AI Navigate

A Spectral Revisit of the Distributional Bellman Operator under the Cram\'er Metric

arXiv cs.LG / 3/16/2026

📰 NewsIdeas & Deep AnalysisModels & Research

Key Points

  • The paper analyzes distributional reinforcement learning at the level of cumulative distribution functions (CDFs) under the Cramér metric, treating this metric as the intrinsic geometry of the problem.
  • It shows that the Bellman update acts affinely on CDFs and linearly on differences between CDFs, providing a more structured view of its dynamics beyond standard contraction analyses.
  • The authors construct regularised spectral Hilbert representations that realise the CDF-level geometry by exact conjugation, with the regularisation vanishing in the zero-regularisation limit to recover the native Cramér metric.
  • This framework clarifies the operator structure of distributional Bellman updates and establishes a foundation for further functional-analytic studies in distributional reinforcement learning.

Abstract

Distributional reinforcement learning (DRL) studies the evolution of full return distributions under Bellman updates rather than focusing on expected values.

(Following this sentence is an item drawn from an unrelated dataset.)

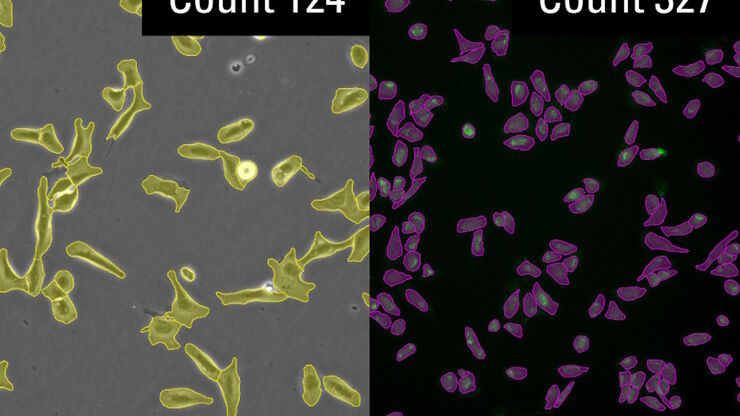 AI-based cell counting performed with a phase-contrast and fluorescence image using the Mateo FL microscope.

A classical result is that the distributional Bellman operator is contractive under the Cram\'er metric, which corresponds to an L^2 geometry on differences of cumulative distribution functions (CDFs). While this contraction ensures stability of policy evaluation, existing analyses remain largely metric, focusing on contraction properties without elucidating the structural action of the Bellman update on distributions. In this work, we analyse distributional Bellman dynamics directly at the level of CDFs, treating the Cram\'er geometry as the intrinsic analytical setting. At this level, the Bellman update acts affinely on CDFs and linearly on differences between CDFs, and its contraction property yields a uniform bound on this linear action. Building on this intrinsic formulation, we construct a family of regularised spectral Hilbert representations that realise the CDF-level geometry by exact conjugation, without modifying the underlying Bellman dynamics. The regularisation affects only the geometry and vanishes in the zero-regularisation limit, recovering the native Cram\'er metric. This framework clarifies the operator structure underlying distributional Bellman updates and provides a foundation for further functional and operator-theoretic analyses in DRL.